What you return should match the listing exactly, minus its images.

Supplied material →
********************
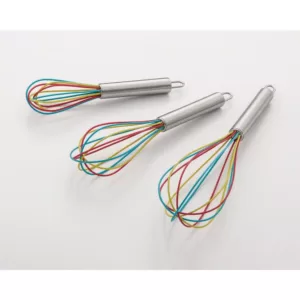 ExcelSteel Stainless Steel Tri-Color Mixing Whisks (Set of 3)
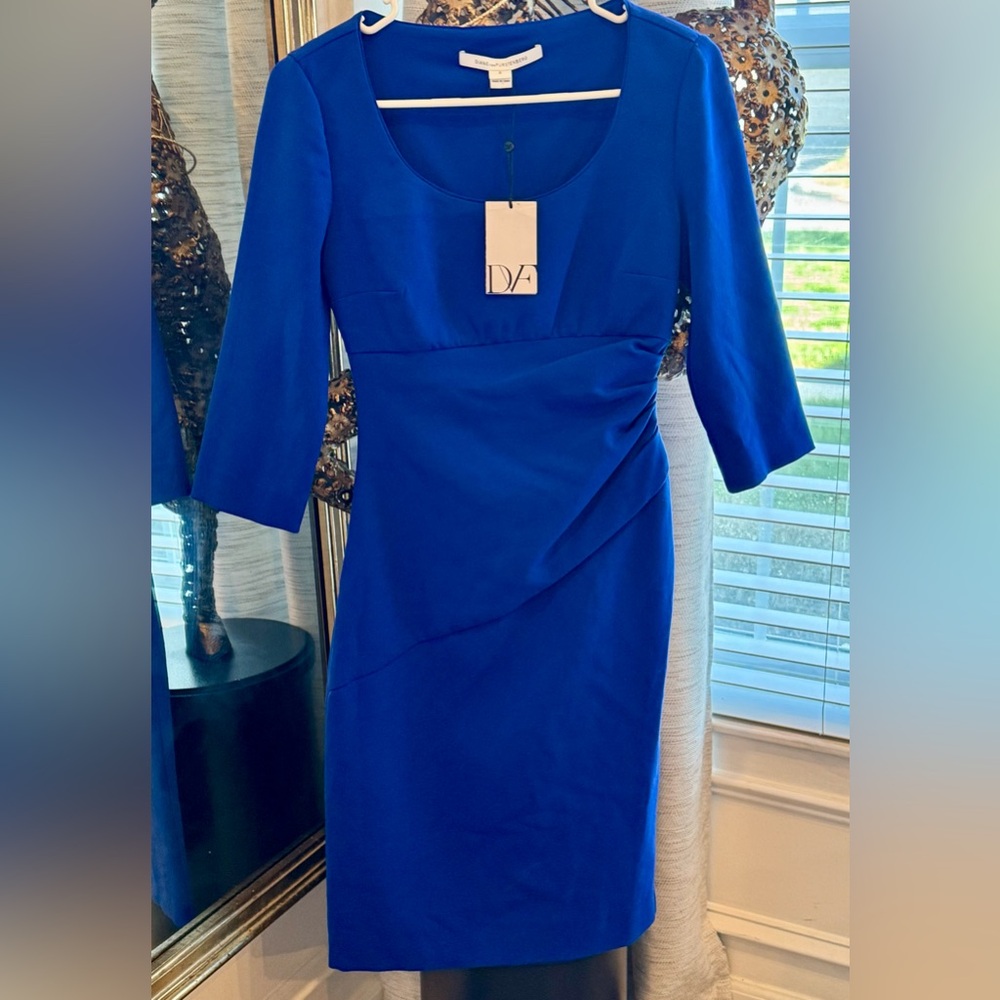 NWT Diane Von Furstenberg DVF Lillian Cobalt Blue spandex Dress size 0 xs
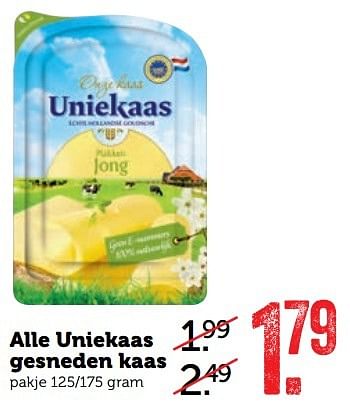 Aanbiedingen Alle uniekaas gesneden kaas - Uniekaas - Geldig van 13/03/2017 tot 19/03/2017 bij Coop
********************
Response area →
 ExcelSteel Stainless Steel Tri-Color Mixing Whisks (Set of 3)
 NWT Diane Von Furstenberg DVF Lillian Cobalt Blue spandex Dress size 0 xs
 Aanbiedingen Alle uniekaas gesneden kaas - Uniekaas - Geldig van 13/03/2017 tot 19/03/2017 bij Coop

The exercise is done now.